XLIII. Il est aussi des fantômes de convention et de société que nous appelons fantômes de la place publique, et dont la source est la communication qui s’établit entre les différentes familles du genre humain. C’est à ce commerce même, et aux associations de toute espèce, que fait allusion le nom par lequel nous les désignons, car les hommes s’associent par les discours ; et les noms qu’on impose aux différents objets d’échange, on les proportionne à l’intelligence des moindres esprits.

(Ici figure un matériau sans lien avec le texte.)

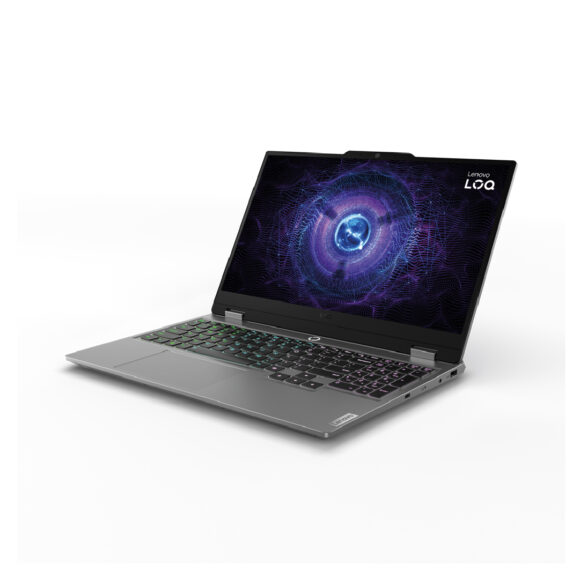 Lenovo Notebook จอ 15.6"FHD AG 300N i5-13450HX 16G512G RTX4050 6G LOQ-15IRX9 (83DV0005TA) - Image 2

De là tant de nomenclatures inexactes, d’expressions impropres qui font obstacle aux opérations de l’esprit : et c’est en vain que les savants, pour prévenir ou lever les équivoques, multiplient les définitions et les explications ; rien de plus insuffisant qu’un tel remède ; quoi qu’ils puissent faire, ces mots font violence à l’entendement, et troublent tout en précipitant les hommes dans de stériles et innombrables disputes.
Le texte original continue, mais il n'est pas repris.